Biden will meet China’s Xi Jinping at Pacific summit in San Francisco

President Joe Biden plans to meet Chinese Premier Xi Jinping at a Pacific economic summit in San Francisco in November, the White House announced Tuesday.

The president and the leader of the world’s second-largest economy are expected to meet on the sidelines of the Asia-Pacific Economic Cooperation summit.

The White House said the world should not expect any breakthroughs or dramatic policy shifts.

“Our policy and how we move forward with China has not changed,” White House press secretary Karine Jean-Pierre told reporters Tuesday during a news briefing. “Intense competition means intense diplomacy.”

The announcement came a few days after Biden met with Chinese Foreign Minister Wang Yi at the White House.
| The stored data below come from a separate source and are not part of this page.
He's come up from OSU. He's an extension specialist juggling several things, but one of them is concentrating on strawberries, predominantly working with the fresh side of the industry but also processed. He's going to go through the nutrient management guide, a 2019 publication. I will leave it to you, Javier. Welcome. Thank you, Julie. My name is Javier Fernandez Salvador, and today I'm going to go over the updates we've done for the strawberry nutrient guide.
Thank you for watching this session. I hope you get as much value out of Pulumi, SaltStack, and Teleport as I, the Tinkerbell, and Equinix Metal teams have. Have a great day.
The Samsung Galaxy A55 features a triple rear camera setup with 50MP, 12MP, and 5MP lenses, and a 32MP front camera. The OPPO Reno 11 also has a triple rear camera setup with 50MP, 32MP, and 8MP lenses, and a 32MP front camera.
The meeting with Xi comes as the rival global powers seek to stabilize an increasingly tense relationship at a time of conflict in Ukraine and Israel and increasing tensions over Taiwan.
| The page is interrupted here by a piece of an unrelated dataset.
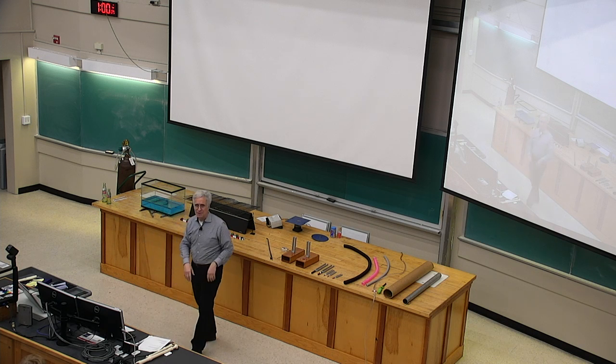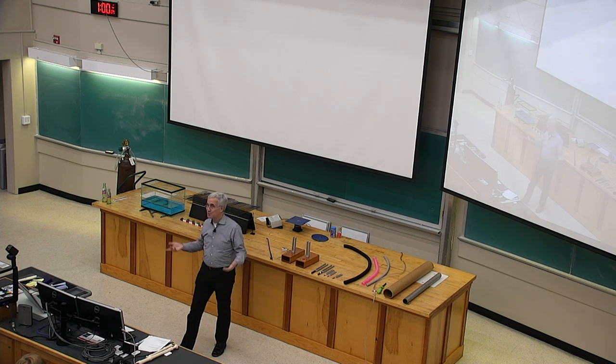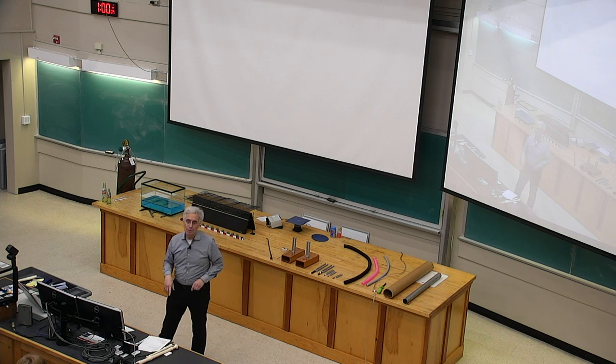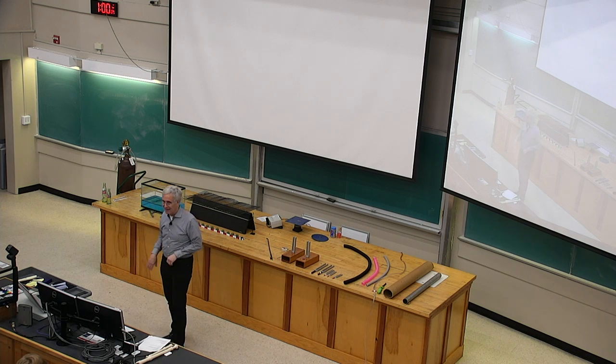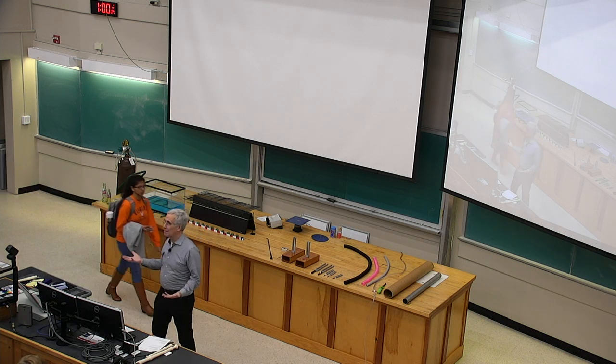A couple of things before starting back into physics. Just to remind you, the last class for the semester is this Friday — it'll be a review. So we have two more days of new material including today.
There is no date for the meeting yet. Xi will travel to San Francisco for the annual APEC summit, which runs from Nov. 11 to Nov. 17.
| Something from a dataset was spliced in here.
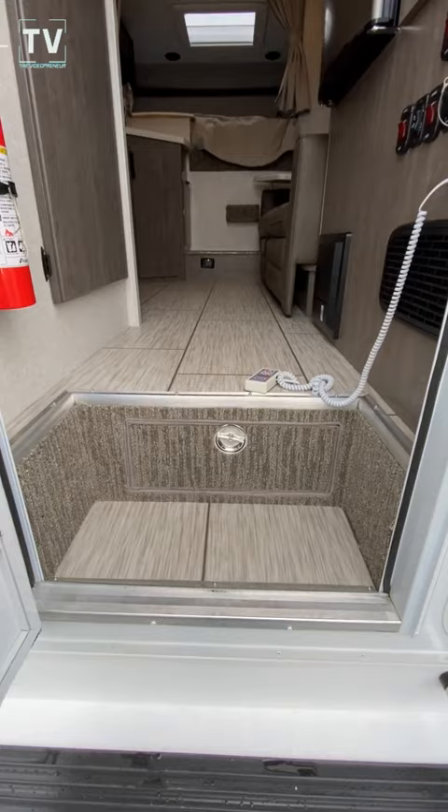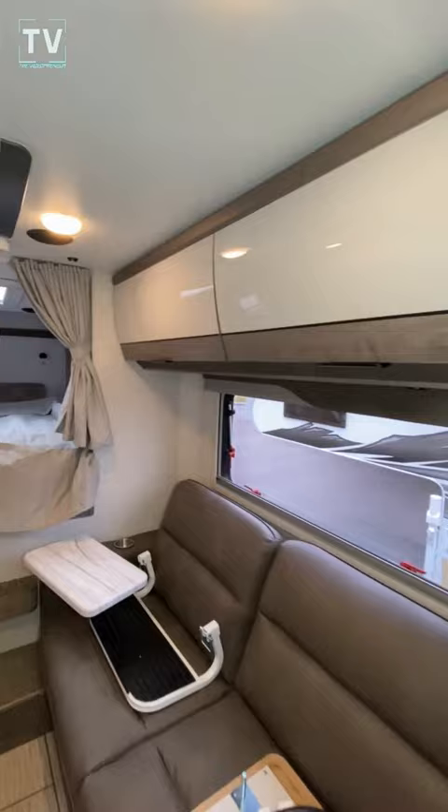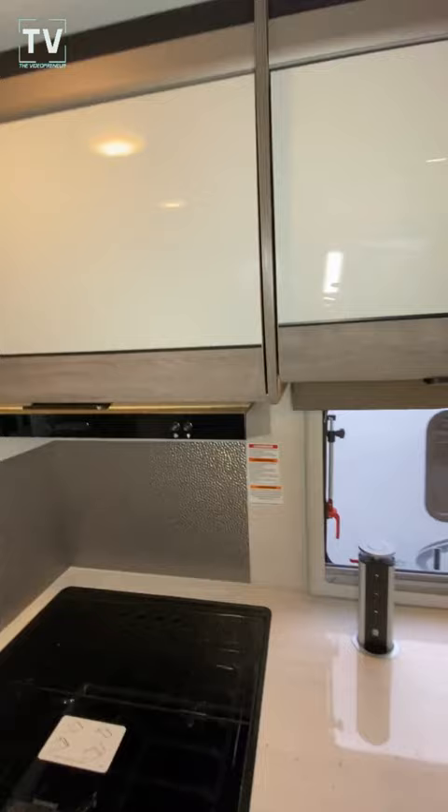We got under-floor storage there. Get inside where it's a little quieter. Look at the size of that cabinet — refrigerator, freezer above, dining and couch seating, microwave oven hidden behind here.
Biden occasionally brags about his close personal relationship with Xi despite the two nations’ serious and seemingly intractable disputes. He may seek to avoid high profile meetings with Xi once the presidential election campaign starts in earnest next year to avoid political fallout from voters.

Biden and Xi last met in November 2022 on the sidelines of the G20 summit in Bali, Indonesia. The president said he was disappointed that the Chinese leader didn’t attend this year’s G20 summit last month in New Delhi, India.

The two nations have been feuding over China’s increasingly close diplomatic and economic ties to Russia amid Western sanctions over Moscow’s invasion of neighboring Ukraine.

Diplomatic ties also took a blow when a Chinese spy balloon was spotted cruising over the U.S. in February before it was shot down off the coast of South Carolina.

Taiwan has also been a flashpoint since the island’s ruling party backs formal independence. China considers the island to be a breakaway province that will eventually rejoin the mainland.